Beginning in 2000-2001, excavations directed by Katsonopoulou uncovered architectural remains, pottery, and numerous artifacts from the Early Helladic period (3rd millennium BC) down to Late Antiquity (5th-6th centuries AD) in the coastal plain near modern Aigion. The discoveries also included remains of textile workshop complexes of the post-earthquake town of Helike, containing many coins, pottery, clay and metal objects.

=== Interdisciplinary research ===

Katsonopoulou's archaeological research has been published in major international peer-reviewed journals.
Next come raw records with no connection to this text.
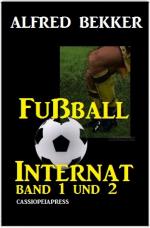 Cover-Bild Fußball Internat, Band 1 und 2
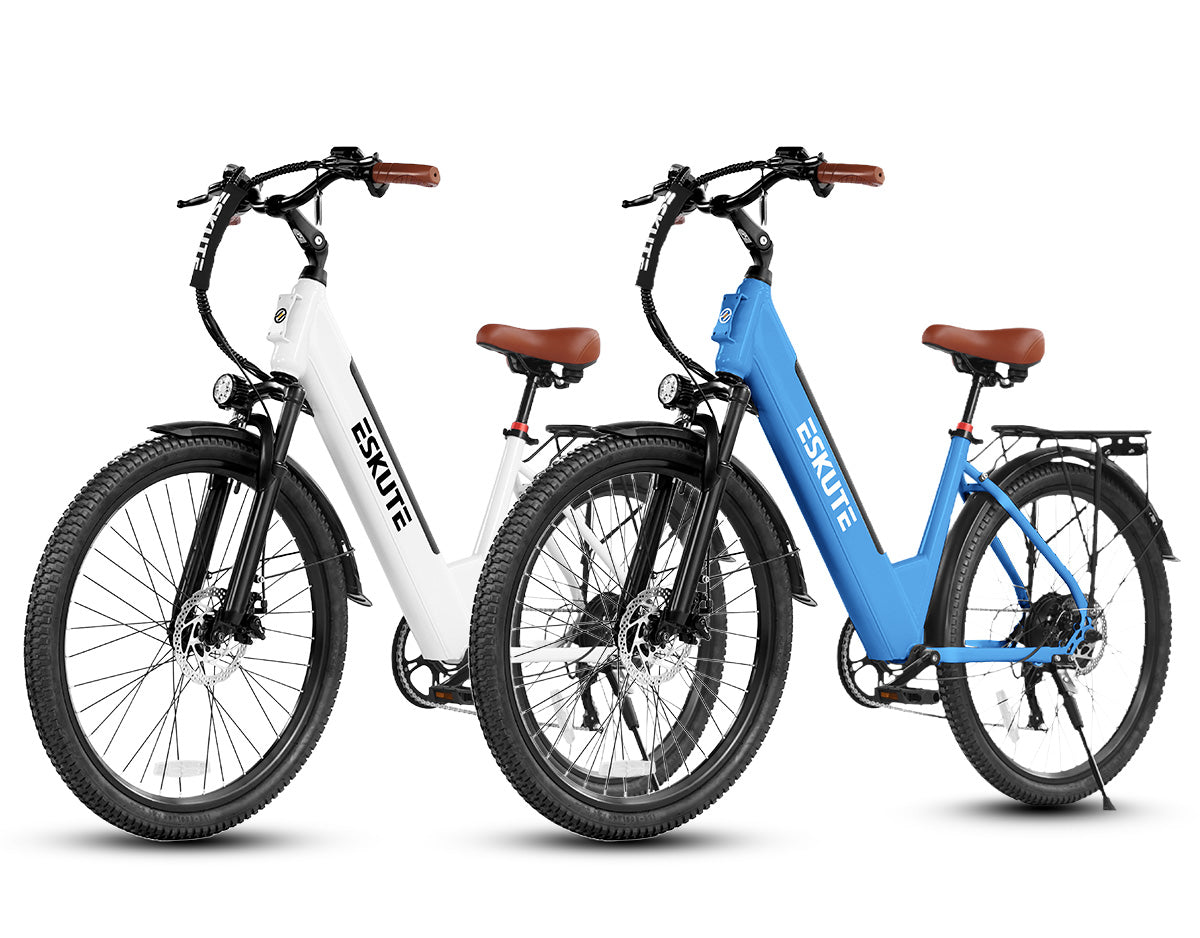 Eskute® Ebike Combo Sale C100 Plus *2
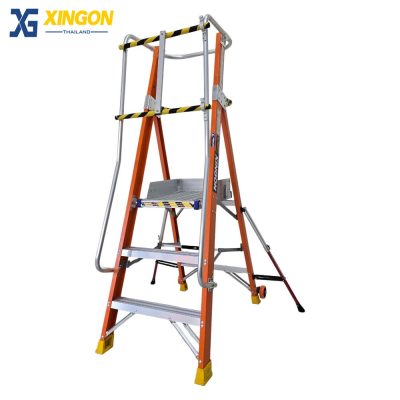 XG-152F3 บันไดแพลตฟอร์ม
Her collaborative work with geologists and micropaleontologists on the geological and archaeological evidence at Helike appeared in the Journal of Coastal Research in 2008 and Geoarchaeology in 2011. These studies documented evidence of settlements spanning from the Early Bronze Age to Late Antiquity and analyzed the seismic and coastal processes that affected the ancient city.

== Recognition and media coverage ==

Katsonopoulou's work at Helike has received significant international media attention. The discovery has been featured in scientific documentaries including BBC Horizon's "Helike: The Real Atlantis" (2001), Discovery Channel's "Sunken City of Helike" (2023), and Channel 5's "Atlantis: The Discovery With Dan Snow" (2024). The project was also covered by The New York Times in 2000 and 2003, and in Archaeology magazine in 2004.

The Helike archaeological site was included on the World Monuments Fund's list of 100 Most Endangered Sites in 2004, 2005, and 2006.

In 2015, author Mark Adams featured Katsonopoulou's work in his New York Times bestselling book Meet Me in Atlantis: Across Three Continents in Search of the Legendary Sunken City, which explored various theories about the location of Atlantis.

== Other archaeological work ==

Katsonopoulou participated in the excavations of Cornell University at the site of Halai, Lokris, Central Greece. She is also president of the Institute for Archaeology of Paros and the Cyclades, where she has organized international conferences on the archaeology of Paros and its famous marble quarries and sculptural traditions.

== Publications ==

=== Books ===
- Katsonopoulou, Dora (2023). Ancient Aigialeia. Helike Society.

=== Edited volumes ===
Katsonopoulou has edited 13 collective volumes on the archaeology of Helike and Aigialeia, and of Paros and the Cyclades.

=== Selected articles ===
Katsonopoulou has published extensively in Greek and international journals and Conference proceedings. Her work includes contributions to major peer-reviewed journals in archaeology, geoarchaeology, and coastal research.